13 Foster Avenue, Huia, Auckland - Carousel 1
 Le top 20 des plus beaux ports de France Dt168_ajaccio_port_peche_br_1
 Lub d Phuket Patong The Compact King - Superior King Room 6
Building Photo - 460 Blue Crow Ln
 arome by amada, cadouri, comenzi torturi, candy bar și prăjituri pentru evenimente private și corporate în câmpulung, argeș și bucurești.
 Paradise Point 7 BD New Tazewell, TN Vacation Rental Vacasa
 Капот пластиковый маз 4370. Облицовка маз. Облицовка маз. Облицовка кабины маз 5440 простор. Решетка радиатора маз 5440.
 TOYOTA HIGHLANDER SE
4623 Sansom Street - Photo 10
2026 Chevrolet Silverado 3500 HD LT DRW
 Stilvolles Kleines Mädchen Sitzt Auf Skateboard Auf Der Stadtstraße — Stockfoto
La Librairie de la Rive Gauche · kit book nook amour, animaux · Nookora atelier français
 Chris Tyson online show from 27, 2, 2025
········
WHAT IS REQUIRED: In the records, find every line that has the string "Photo" and copy it.

EXPECTED ANSWER:
Building Photo - 460 Blue Crow Ln
4623 Sansom Street - Photo 10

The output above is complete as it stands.